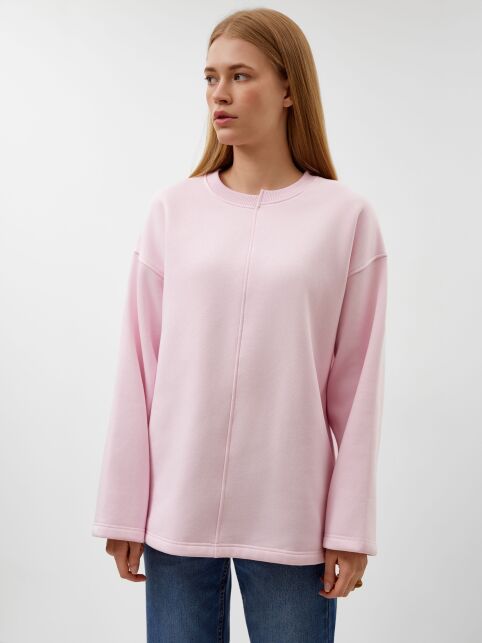 Джемпер из футера с ассиметричной планкой на горловине LD 3231 - купить в интернет-магазине Conte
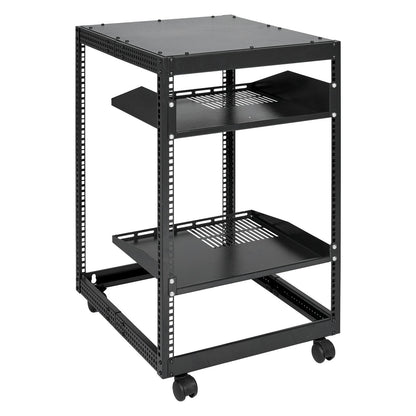 15U Open Frame Server Rack - Adjustable 23"–40" Depth, Wall Mount or Freestanding 4-Post Network Rack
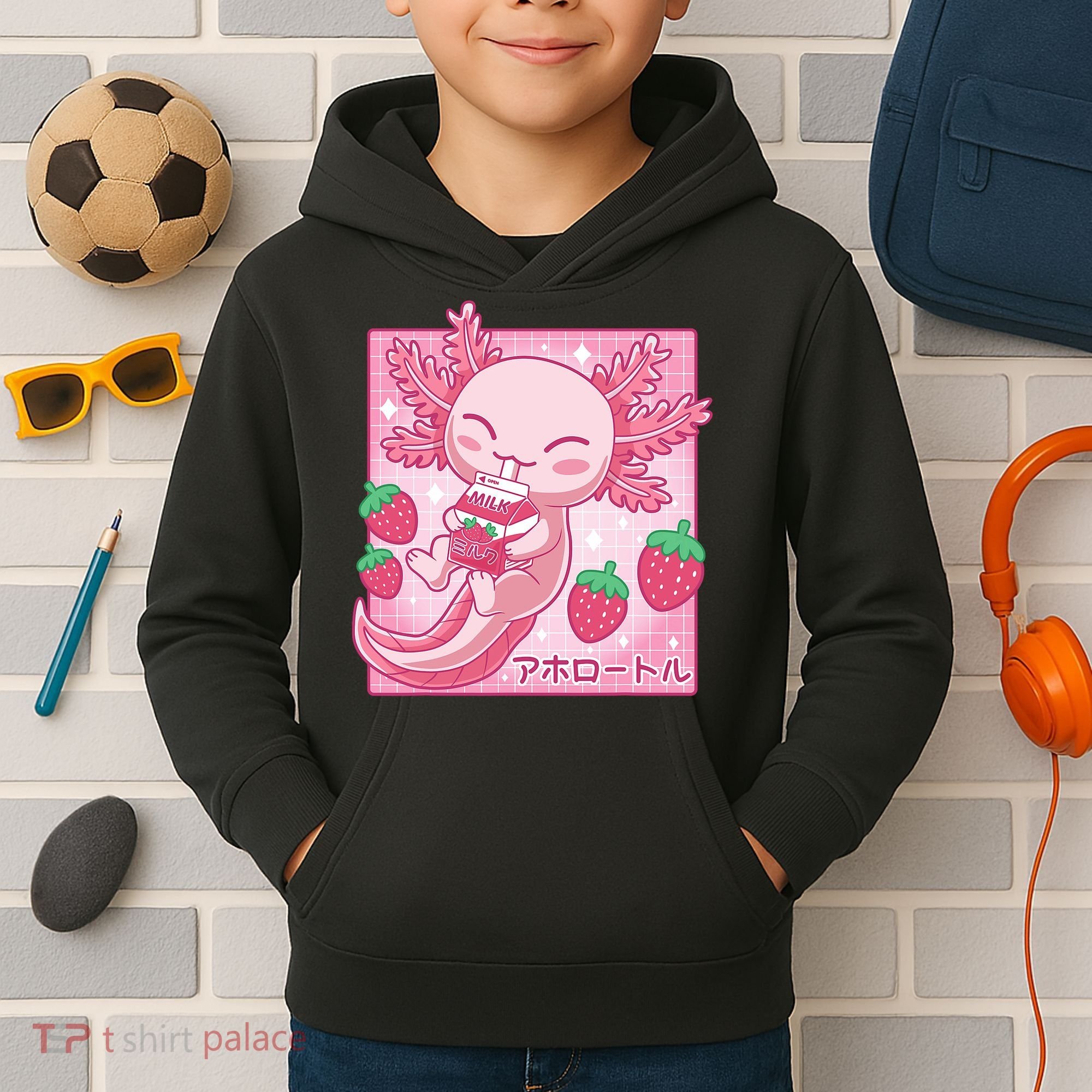 Kawaii Axolotl Strawberry Milk Shake Japanese Anime Kids Hoodie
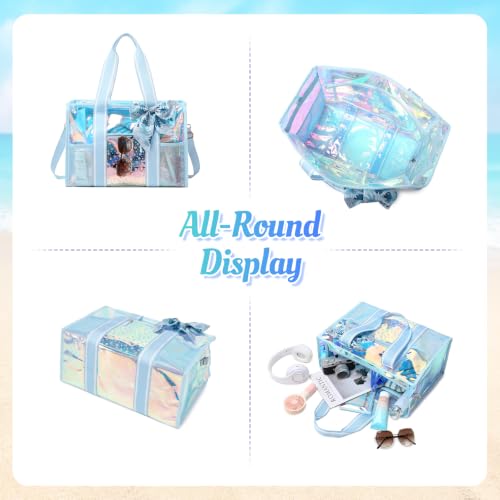 Sisipoet Women Clear Beach Bag, Large Iridescent Clear Tote Bag with Phone Pouch and Strap, Heavy Duty Waterproof Jelly Tote - color: Iridescent-blue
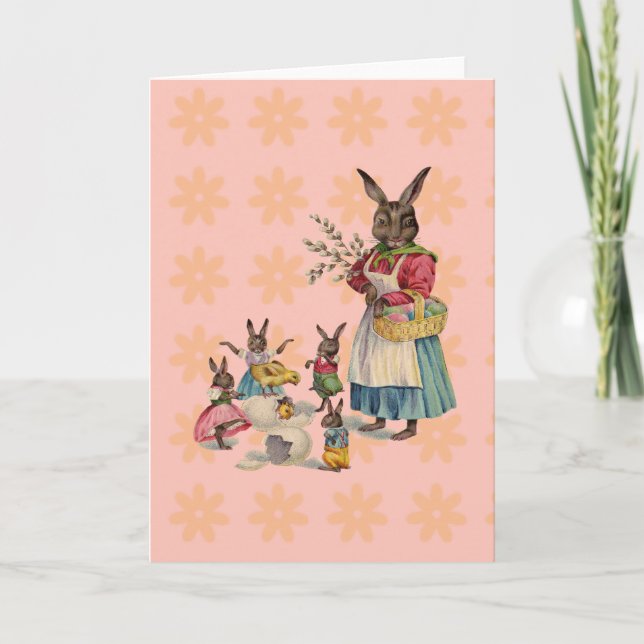 Tarjeta Festiva Conejo de Pascua Pollo Conejo Huevos (Anverso)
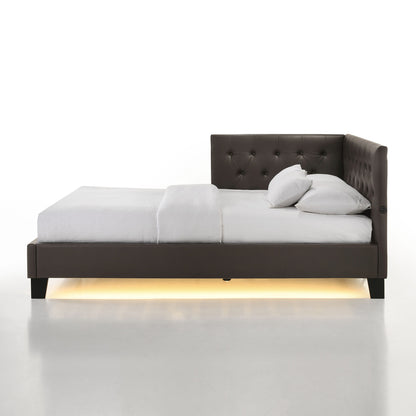 Julesburg Corner Twin Bed in Brown PU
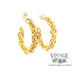 14 karat yellow gold estate chain link post hoop earrings with friction backs, angled front view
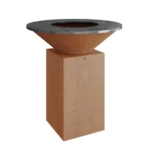 Vatra pe foc OFYR din otel corten cu loc pentru gatit de 85 cm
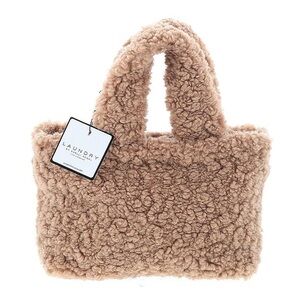Laundry by Shelli Segal Fuzzy tan brown Sherpa Tote Purse Cross Body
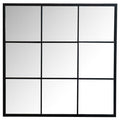 Quetzal - Square Window Pane Wall Mirror - Black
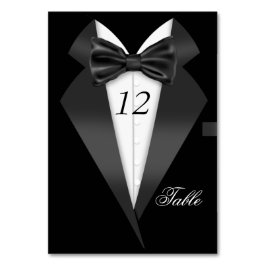 Formell Tuxedo Black-Bordsnummer sittande Ställe Bordsnummer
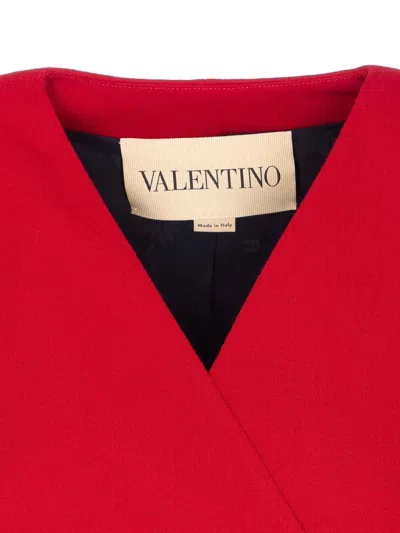 Valentino Wool Crepe Contrasting Bow Jacket In Red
+++
Exclude the pictures and transcribe all of the entries exactly.

▶ [Response to this task]
 Джемпер из футера с ассиметричной планкой на горловине LD 3231 - купить в интернет-магазине Conte
 15U Open Frame Server Rack - Adjustable 23"–40" Depth, Wall Mount or Freestanding 4-Post Network Rack
 Kawaii Axolotl Strawberry Milk Shake Japanese Anime Kids Hoodie
 Sisipoet Women Clear Beach Bag, Large Iridescent Clear Tote Bag with Phone Pouch and Strap, Heavy Duty Waterproof Jelly Tote - color: Iridescent-blue
 Tarjeta Festiva Conejo de Pascua Pollo Conejo Huevos (Anverso)
 Julesburg Corner Twin Bed in Brown PU
 14 karat yellow gold estate chain link post hoop earrings with friction backs, angled front view
 Vatra pe foc OFYR din otel corten cu loc pentru gatit de 85 cm
Laundry by Shelli Segal Fuzzy tan brown Sherpa Tote Purse Cross Body
 Quetzal - Square Window Pane Wall Mirror - Black
 Formell Tuxedo Black-Bordsnummer sittande Ställe Bordsnummer
 Valentino Wool Crepe Contrasting Bow Jacket In Red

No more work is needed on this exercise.